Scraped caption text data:
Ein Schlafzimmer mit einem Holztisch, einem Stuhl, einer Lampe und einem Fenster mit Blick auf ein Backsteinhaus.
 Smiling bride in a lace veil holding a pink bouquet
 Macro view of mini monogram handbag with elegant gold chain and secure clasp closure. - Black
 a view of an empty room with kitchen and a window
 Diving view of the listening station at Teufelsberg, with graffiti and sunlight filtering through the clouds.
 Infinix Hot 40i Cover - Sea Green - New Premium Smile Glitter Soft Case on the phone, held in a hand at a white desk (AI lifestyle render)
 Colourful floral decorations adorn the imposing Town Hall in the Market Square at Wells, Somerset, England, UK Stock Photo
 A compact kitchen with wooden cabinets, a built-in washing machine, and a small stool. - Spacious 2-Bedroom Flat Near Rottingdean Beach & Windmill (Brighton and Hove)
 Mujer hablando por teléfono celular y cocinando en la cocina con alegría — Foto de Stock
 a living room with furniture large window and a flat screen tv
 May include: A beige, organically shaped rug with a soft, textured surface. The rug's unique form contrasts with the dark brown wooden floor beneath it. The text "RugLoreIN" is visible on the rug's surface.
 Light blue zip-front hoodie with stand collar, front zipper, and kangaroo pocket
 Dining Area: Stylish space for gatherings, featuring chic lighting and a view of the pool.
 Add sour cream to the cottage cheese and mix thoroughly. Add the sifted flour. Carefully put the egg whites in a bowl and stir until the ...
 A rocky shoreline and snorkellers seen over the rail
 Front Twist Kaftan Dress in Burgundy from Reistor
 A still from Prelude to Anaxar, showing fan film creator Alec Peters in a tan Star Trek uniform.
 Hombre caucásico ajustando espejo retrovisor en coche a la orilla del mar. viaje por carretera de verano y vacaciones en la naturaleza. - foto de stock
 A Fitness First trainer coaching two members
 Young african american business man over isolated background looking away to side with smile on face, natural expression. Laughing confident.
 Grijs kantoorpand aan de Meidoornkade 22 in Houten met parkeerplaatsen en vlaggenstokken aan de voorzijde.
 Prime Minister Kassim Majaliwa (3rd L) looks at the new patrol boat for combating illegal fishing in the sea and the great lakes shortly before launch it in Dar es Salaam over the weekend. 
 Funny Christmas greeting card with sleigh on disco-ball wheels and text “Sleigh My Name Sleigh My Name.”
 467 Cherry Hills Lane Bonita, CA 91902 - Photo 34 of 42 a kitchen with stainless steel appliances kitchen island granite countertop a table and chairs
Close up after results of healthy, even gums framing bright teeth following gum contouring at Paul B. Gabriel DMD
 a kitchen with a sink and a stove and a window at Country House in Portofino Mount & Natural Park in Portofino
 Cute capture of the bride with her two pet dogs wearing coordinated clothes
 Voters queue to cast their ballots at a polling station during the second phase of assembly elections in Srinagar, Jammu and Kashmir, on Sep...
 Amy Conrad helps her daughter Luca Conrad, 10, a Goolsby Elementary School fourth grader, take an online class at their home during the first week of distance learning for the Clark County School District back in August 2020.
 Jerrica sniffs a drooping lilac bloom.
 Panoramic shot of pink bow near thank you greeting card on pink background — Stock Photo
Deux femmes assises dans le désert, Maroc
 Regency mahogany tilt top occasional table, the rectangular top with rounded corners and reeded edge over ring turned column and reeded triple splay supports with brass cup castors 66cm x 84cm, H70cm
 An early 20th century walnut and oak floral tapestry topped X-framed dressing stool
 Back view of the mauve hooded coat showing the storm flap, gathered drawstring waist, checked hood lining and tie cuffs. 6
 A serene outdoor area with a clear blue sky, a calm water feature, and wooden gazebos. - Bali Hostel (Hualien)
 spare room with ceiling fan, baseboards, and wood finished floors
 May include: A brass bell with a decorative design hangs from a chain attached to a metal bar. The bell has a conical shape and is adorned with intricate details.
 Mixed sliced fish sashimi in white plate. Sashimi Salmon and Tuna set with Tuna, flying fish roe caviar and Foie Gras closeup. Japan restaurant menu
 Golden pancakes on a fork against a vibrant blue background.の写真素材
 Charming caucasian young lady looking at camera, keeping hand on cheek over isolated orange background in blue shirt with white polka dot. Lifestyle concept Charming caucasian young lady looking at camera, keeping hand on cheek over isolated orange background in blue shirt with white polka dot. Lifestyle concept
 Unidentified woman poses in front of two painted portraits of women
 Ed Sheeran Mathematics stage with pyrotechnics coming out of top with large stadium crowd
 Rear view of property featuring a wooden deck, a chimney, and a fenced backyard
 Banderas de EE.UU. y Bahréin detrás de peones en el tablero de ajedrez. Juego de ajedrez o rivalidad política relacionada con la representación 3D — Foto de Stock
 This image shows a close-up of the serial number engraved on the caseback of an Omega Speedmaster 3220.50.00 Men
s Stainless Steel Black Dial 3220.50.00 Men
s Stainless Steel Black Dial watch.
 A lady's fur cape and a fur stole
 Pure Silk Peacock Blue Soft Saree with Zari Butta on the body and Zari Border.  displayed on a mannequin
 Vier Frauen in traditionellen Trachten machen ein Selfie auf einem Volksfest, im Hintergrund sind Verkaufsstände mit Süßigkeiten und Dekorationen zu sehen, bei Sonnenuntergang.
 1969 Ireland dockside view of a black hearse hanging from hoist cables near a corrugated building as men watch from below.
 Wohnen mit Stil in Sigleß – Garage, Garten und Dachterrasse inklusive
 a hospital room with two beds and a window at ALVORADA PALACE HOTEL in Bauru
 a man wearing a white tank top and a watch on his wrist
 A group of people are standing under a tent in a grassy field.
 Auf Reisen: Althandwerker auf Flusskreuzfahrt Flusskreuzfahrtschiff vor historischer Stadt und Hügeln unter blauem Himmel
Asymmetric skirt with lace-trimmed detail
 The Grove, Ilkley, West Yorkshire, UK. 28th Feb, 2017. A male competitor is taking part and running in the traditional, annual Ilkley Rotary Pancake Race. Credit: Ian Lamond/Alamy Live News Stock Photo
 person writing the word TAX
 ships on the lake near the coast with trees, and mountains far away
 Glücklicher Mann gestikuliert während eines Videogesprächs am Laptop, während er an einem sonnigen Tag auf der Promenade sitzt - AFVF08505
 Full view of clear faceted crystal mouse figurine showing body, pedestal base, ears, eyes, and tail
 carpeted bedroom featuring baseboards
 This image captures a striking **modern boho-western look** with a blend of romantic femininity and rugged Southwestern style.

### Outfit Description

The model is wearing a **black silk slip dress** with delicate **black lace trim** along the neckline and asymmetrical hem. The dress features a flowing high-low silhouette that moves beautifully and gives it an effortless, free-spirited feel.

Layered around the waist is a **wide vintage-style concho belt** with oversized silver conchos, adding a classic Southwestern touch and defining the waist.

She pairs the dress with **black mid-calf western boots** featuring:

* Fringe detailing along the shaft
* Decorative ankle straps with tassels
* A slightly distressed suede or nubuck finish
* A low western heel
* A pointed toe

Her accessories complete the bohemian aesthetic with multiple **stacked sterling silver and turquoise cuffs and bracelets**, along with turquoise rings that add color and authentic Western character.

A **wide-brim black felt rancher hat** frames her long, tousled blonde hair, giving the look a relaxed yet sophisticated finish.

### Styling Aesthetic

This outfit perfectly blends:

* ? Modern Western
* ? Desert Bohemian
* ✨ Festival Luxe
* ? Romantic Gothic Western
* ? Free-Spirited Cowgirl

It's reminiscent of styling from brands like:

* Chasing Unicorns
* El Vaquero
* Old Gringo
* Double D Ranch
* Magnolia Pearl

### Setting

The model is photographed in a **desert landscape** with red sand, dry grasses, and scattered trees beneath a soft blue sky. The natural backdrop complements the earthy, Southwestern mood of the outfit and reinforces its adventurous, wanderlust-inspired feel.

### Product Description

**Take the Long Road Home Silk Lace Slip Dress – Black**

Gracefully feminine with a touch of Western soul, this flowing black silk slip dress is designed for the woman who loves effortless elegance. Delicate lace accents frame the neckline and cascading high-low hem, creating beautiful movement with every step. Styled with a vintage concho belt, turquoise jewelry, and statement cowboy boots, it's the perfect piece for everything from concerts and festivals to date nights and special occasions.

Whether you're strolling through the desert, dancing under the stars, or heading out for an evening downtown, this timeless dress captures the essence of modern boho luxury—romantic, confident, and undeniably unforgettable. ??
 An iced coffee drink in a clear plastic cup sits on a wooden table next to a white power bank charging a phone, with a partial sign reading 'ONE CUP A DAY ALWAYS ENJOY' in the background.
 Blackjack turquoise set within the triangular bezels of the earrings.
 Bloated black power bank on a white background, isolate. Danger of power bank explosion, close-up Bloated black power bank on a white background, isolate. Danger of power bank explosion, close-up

**WHAT THE TASK REQUIRES**
The answer must consist of every line from the entries above that contains "showing".

**TASK RESULT**
 A still from Prelude to Anaxar, showing fan film creator Alec Peters in a tan Star Trek uniform.
 Back view of the mauve hooded coat showing the storm flap, gathered drawstring waist, checked hood lining and tie cuffs. 6
 Full view of clear faceted crystal mouse figurine showing body, pedestal base, ears, eyes, and tail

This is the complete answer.